Les législatives ont souvent confirmé la présidentielle... Finalement, les sondages qui se suivent semblent, jusqu'ici, lui donner raison. "Si cela se confirme, ce serait au-delà des espérances d'Emmanuel Macron sur le plan du pari politique", souligne le politologue Olivier Duhamel. Et les législatives se présenteraient, encore une fois, comme une confirmation de la présidentielle. "Cela a quasiment toujours été le cas", tempère le spécialiste. "En 1962 et 1967, déjà, elles avaient donné la majorité au général de Gaulle. Certes, plus tard, il y a eu les cohabitations et on a pu se poser la question de la cohérence entre élections législatives et présidentielle. Mais on n'a pas attendu le passage au quinquennat [en 2002] pour que s'installe la prééminence du fait présidentiel."
" La nouveauté que représente l'élection de Macron amplifie la volonté habituelle des électeurs à donner une majorité législative au président. "

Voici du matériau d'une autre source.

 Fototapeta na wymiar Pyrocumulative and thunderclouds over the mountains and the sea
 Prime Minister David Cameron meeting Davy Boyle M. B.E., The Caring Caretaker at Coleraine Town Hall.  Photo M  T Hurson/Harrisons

…mais cette configuration reste inédite. Même si elles ne dérogent pas à ce qui est devenu une règle, ces législatives resteraient inédites. Car le mouvement d'Emmanuel Macron vient juste de fêter son premier anniversaire. Comparons avec ce qui est comparable : en 1958, l'Union pour la Nouvelle République (UNR) est un parti tout neuf, créé pour soutenir le général de Gaulle fraîchement élu. Il va remporter les élections législatives, mais avec seulement 17,6% des voix au premier tour. "Pour LREM, on semble se diriger vers un score d'environ 30%, c'est bien plus", note Olivier Duhamel. "Une telle confirmation, pour un parti politique aussi nouveau, serait quasiment sans précédent."
"Donner au président la possibilité de réussir". Finalement, le fait qu'Emmanuel Macron se lance sans être à la tête d'un parti traditionnel, puis qu'il soit élu après une campagne pleine de rebondissements, ne semble pas le desservir pour obtenir une majorité, au contraire. "La nouveauté que représente son élection amplifie la volonté habituelle des électeurs à donner une majorité législative au président qu'ils viennent d'élire", appuie Olivier Duhamel. Pour le politologue, "les Français ont changé de regard à partir du moment où Emmanuel Macron a été élu. Ils se disent qu'ils ont osé quelque chose de nouveau. Raison de plus, alors, pour donner au président la possibilité de réussir."